Seawell acknowledges the current differences of opinion on whether DPS has too many charter schools and that there have been calls for a moratorium on approving new charter schools. Based on her knowledge as a former board member, she points out that a quality charter whose application is denied can appeal to the State Board of Education. “If you [deny] enough times, the district loses its ability to authorize at all, and you have a quasi-governmental organization called Charter School Institute (CSI) take over,” she said. “DPS would no longer have any control over it.” Seawell suggests that keeping local control over charters is important, especially for maintaining the district’s equity goals for charters—which are the same goals they have for traditional schools.
Board Member Roles
Many of Denver’s school board responsibilities are outlined in state law, according to Seawell. These include overseeing complicated finances, hiring and firing the superintendent, and supervising the superintendent. Representatives also act as a conduit between the community and school administration.
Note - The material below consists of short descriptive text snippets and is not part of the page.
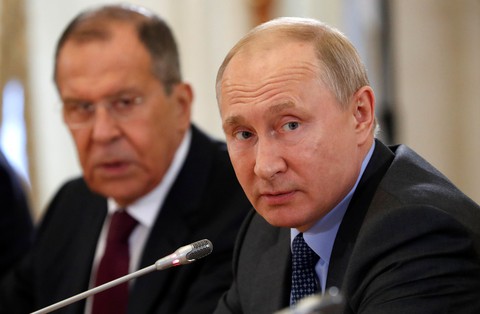 Ông Putin nhắn nhe Mỹ đừng can thiệp quân sự vào Venezuela - Ảnh 1. Ông Putin nhắn nhe Mỹ đừng can thiệp quân sự vào Venezuela - Ảnh 1.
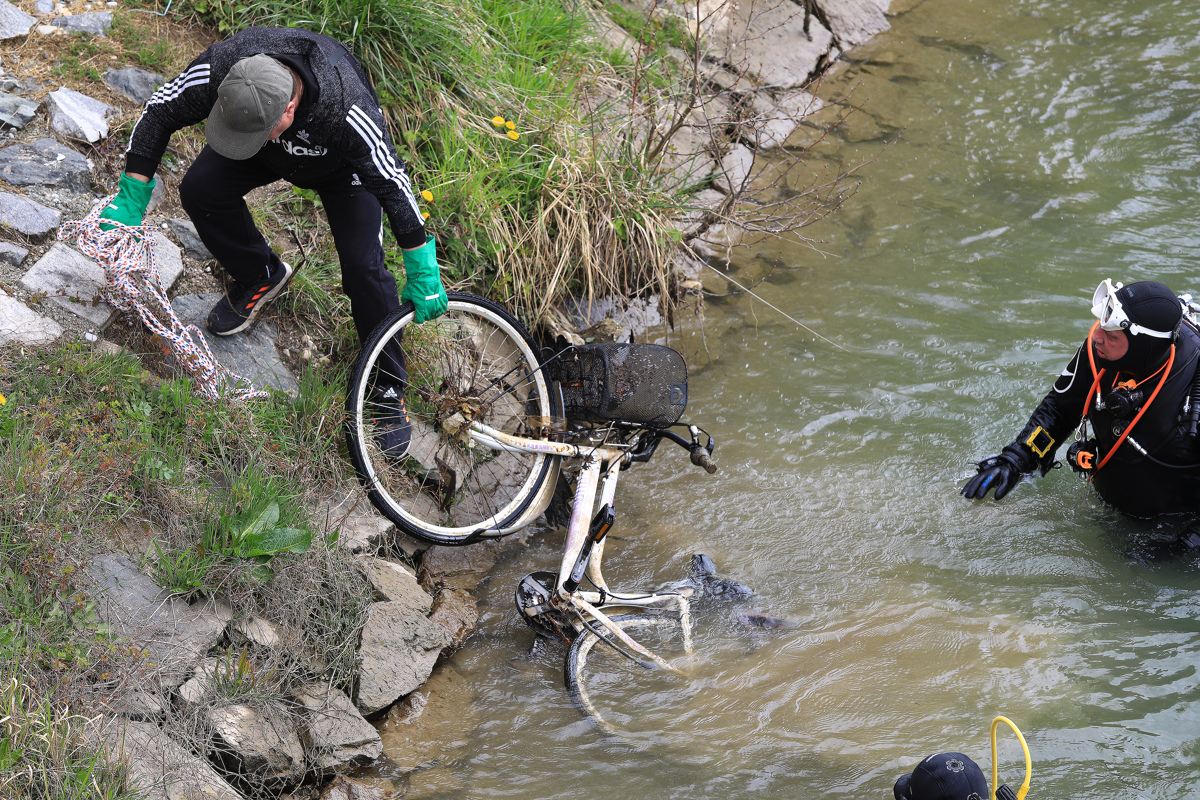(NAPOVEDNIK DOGODKOV) Velika čistilna akcija, koncerti, pogovori o knjigah
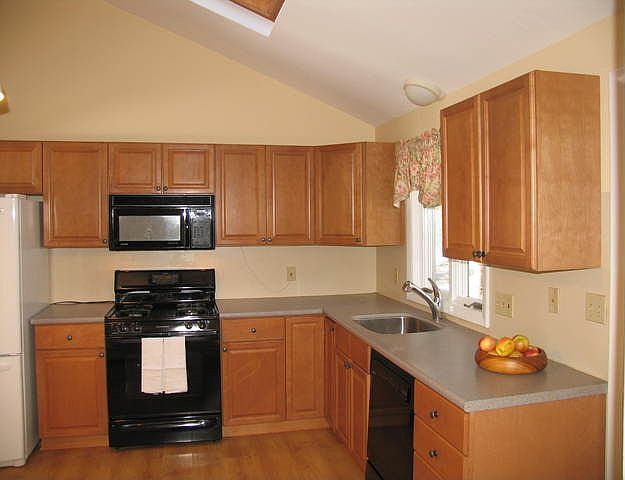 2nd image of 44 Green St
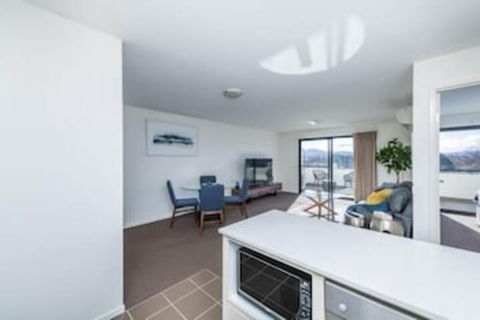 Accommodate Canberra - Century - Accommodation Gladstone 2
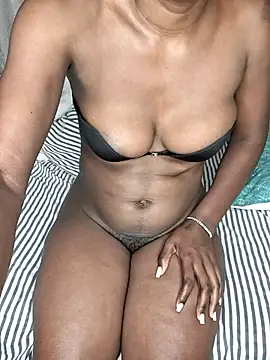 Snapshot of SexyBootyAlien chatting on August 9, 2026, 2:41 am SexyBootyAlien online show from August 9, 2026, 2:41 am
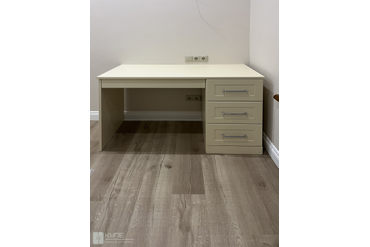 026 Стол письменный. Фасады МДФ покраска CS 010 Тулуза. Ручки WMN.846.160.006A Giusti Италия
But, where Denver is nationally recognized is in its approach to governance, says Seawell. The Denver school board sets direction and ensures that the superintendent is aligned with that strategic vision. This occurs through the regularly updated Denver Plan 2020, where the board and superintendent outline goals like great neighborhood schools, college and career readiness and closing the opportunity gap.
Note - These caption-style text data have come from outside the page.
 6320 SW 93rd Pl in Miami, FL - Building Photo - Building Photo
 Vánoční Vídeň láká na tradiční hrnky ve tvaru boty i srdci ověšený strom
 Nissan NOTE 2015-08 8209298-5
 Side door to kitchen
Seawell also points out that board members do not manage the district’s employees—that is the role of the superintendent.
Equity as a DPS Value
Seawell points out that DPS was one of the first districts in the country to put out a statement of how they were going to protect families from immigration enforcement. “We may disagree on the mechanics of the district,” says Seawell, but not the way DPS has established equity as a fundamental value. “That starts with the school board, goes through the superintendent and works itself all the way down to the classroom.”
Choosing a Candidate
When selecting a school board representative, Seawell, reminds voters of the importance of choosing “someone you know will call you back and be in contact and hear your needs.” She also urges voters to consider “the larger good of our city and our district,” where 68 percent of the students receive subsidized lunch.
The Front Porch submitted eight questions on current DPS issues and practices to all the candidates our readers will vote on. Responses from the candidates for districts 3 and 4, who represent all the neighborhoods in the Front Porch distribution area, as well as the at-large candidates that represent the entire city are in the link at the beginning of this article.